Publié le Mis à jour le
Écrit par C.R.

L'hiver qui dure et le printemps qui tarde, la situation climatique est anormale et aura des conséquences sur l'agriculture. Si les céréaliers sont dans l'incertitude, les maraîchers eux, ont déjà beaucoup perdu. Les consommateurs devraient s'en rendre compte sur les marchés...

Les étals manqueront de légumes en avril, car la production sera faible, la faute à un hiver humide et trop longtemps froid !

Explications de Jean-Daniel Ferrier, conseiller maraîchers à la Chambre d'agriculture de Saône-et-Loire

La situation actuelle est-elle anormale ?

"Oui, les températures n'ont pas été extrêmement froides, mais elles se sont prolongées et surtout, cet hiver a été très humide. Excès d'eau et manque de soleil, résultat : certains légumes n'ont pas été semés en janvier et de toute façon, ils ont du mal à pousser car il n'y a pas assez de soleil."

Quelles seront les conséquences de cet hiver humide et froid ?

"On est déjà en situation de rupture de stocks : les légumes d'hiver sont épuisés et les légumes de printemps pas encore disponibles. D'habitude, il reste des produits stockés en frigo (salsifis, céleri rave...) et des produits aux champs (poireaux, choux, carotte, navets...), jusqu'au 15 avril. Là, il n'y en a plus.

Normalement, on commence aussi à couper les radis et salades sous tunnel fin février. Cette année, on n'a commencé que mi-mars. Et en plein champ, il faudra attendre début mai. Il y a un décalage de deux grosses semaines." 

 

Faut-il craindre une hausse des prix ?

"Avril est normalement le mois des radis, salades, carottes fanes, oignons... Là, il n'y aura rien, ou très peu et l'Ouest de la France ne pourra pas fournir toutes les régions en manque.

80 % des légumes sont vendus par la grande distribution, qui va sans doute réguler les prix. Il y a quand même un risque de hausse, mais tout ce qui sera cher viendra d'ailleurs... et ne profitera pas aux maraîchers français !

Après une tension en avril, l'autre risque, c'est une offre supérieure à la demande en mai : s'il fait brutalement chaud, les cultures en retard seront à maturité en même temps que celles plantées plus tard.
Dans tous les cas, les maraîchers pensent avoir déjà perdu un mois de production en volume et sans doute 10 %  de leur chiffre d'affaires.

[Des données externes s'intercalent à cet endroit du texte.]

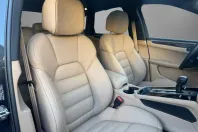 Porsche Macan din 2022 cu 6.500 km - oferta POR135314 - foto 12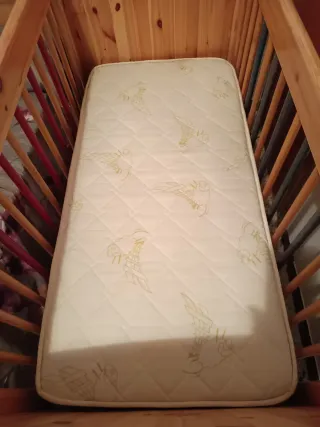 Cuna de madera para bebé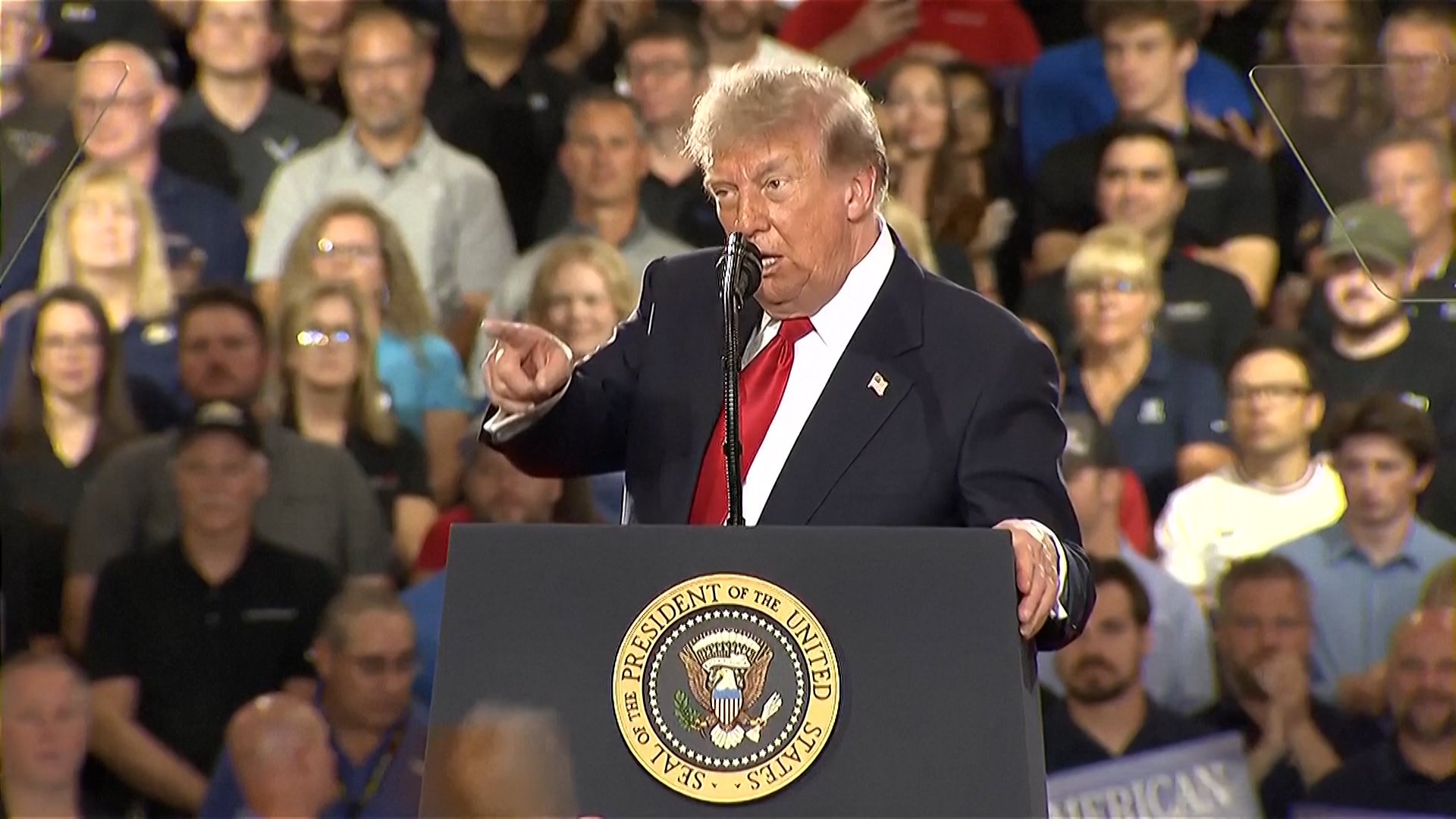 Trump calls protester ‘communist’ after Michigan speech interruption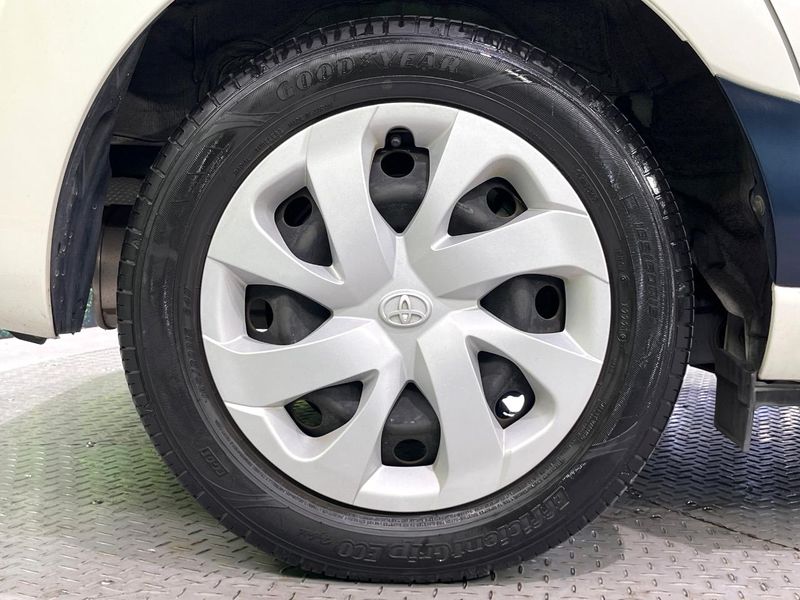 2015 Toyota Sienta DBA-NSP170G (UW-6aa2213d60923)[29]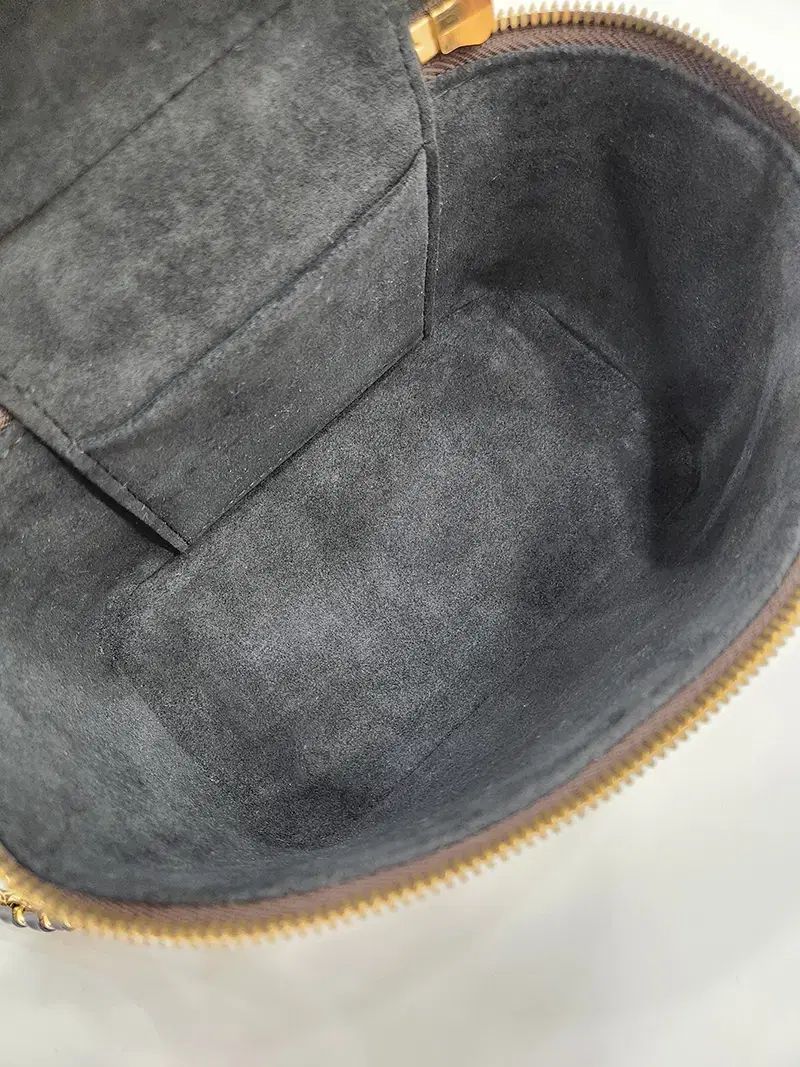 PM クロスバック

Reportage : B.Djaouti, C.Gaillard, L.Crotet-Beudet
   Avec : Myriam Auger, maraichère et Xavier Chavey, producteur de fruits et légumes


Pour les céréales, il faudra patienter...

Précisions de Christophe Vivier, responsable grandes cultures à la Chambre d'agriculture de Bourgogne

La situation actuelle est-elle anormale ?

"Oui, le manque d'ensoleillement et surtout la persistance des gelées en mars, ont perturbé le travail des céréaliers. Les semis de printemps ont été retardés par la pluie et les traitements décalés à cause du vent et du froid."

Quelles seront les conséquences de cet hiver humide et froid ?

"L'eau a stagné en surface et sur certaines parcelles, des cultures sont mortes. D'une manière générale, les céréale ont deux semaines de retard. Il est trop tôt pour savoir si les rendements seront en baisse, mais on peut penser que oui. Ce qu'il faut craindre maintenant, c'est un "coup de chaud" au printemps : sur des cultures d'hiver encore en croissance, il serait dévastateur !"

Faut-il craindre une hausse des prix ?

"tout dépendra des conditions climatiques des semaines à venir. Pour les céréales, il est trop tôt pour se prononcer."